┏━━

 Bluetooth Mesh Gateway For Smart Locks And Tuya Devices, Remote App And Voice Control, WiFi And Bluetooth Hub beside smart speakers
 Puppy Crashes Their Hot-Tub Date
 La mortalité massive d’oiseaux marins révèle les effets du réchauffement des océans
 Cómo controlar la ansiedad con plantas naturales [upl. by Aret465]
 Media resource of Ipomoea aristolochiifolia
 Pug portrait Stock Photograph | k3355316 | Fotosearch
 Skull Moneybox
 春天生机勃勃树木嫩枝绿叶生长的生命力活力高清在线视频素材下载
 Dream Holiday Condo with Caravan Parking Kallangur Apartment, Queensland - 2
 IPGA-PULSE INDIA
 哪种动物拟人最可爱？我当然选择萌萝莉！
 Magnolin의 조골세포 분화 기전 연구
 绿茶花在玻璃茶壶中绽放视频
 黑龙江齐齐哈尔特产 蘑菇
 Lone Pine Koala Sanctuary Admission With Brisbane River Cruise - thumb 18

┗━━

YOUR TASK. All lines from the one containing "春天生机勃勃树木嫩枝绿叶生长的生命力活力高清在线视频素材下载" to the end of the data above are to be set down exactly; no others belong in the answer.

RESULT BELOW.
 春天生机勃勃树木嫩枝绿叶生长的生命力活力高清在线视频素材下载
 Dream Holiday Condo with Caravan Parking Kallangur Apartment, Queensland - 2
 IPGA-PULSE INDIA
 哪种动物拟人最可爱？我当然选择萌萝莉！
 Magnolin의 조골세포 분화 기전 연구
 绿茶花在玻璃茶壶中绽放视频
 黑龙江齐齐哈尔特产 蘑菇
 Lone Pine Koala Sanctuary Admission With Brisbane River Cruise - thumb 18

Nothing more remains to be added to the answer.